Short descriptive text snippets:
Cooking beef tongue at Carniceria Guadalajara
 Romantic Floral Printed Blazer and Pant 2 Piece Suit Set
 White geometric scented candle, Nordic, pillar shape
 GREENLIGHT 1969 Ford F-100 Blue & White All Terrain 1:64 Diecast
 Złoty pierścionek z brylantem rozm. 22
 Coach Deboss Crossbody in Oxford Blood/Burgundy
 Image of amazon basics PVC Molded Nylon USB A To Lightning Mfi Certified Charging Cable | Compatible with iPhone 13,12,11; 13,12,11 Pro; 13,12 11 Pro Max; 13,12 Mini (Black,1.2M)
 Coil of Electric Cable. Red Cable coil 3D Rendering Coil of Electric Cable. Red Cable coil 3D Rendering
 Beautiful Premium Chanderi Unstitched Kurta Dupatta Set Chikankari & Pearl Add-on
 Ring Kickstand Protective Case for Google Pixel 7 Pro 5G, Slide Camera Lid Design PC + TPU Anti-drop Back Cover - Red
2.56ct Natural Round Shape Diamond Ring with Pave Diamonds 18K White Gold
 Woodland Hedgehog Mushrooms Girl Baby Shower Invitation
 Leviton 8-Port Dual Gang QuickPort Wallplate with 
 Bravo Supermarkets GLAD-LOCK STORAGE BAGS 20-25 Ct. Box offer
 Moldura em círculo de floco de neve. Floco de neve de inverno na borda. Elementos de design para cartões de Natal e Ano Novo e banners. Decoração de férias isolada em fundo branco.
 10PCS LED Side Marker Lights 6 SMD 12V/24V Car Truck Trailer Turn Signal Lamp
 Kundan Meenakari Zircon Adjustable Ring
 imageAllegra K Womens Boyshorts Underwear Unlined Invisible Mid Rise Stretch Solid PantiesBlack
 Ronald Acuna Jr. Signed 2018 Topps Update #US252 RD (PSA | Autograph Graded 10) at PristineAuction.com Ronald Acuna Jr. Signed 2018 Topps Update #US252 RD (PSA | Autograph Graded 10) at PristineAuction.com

REQUIRED ACTION: Could you filter the entries above for lines holding the string "with" and copy them?

OUTPUT FOR THIS TASK:
 Image of amazon basics PVC Molded Nylon USB A To Lightning Mfi Certified Charging Cable | Compatible with iPhone 13,12,11; 13,12,11 Pro; 13,12 11 Pro Max; 13,12 Mini (Black,1.2M)
2.56ct Natural Round Shape Diamond Ring with Pave Diamonds 18K White Gold
 Leviton 8-Port Dual Gang QuickPort Wallplate with 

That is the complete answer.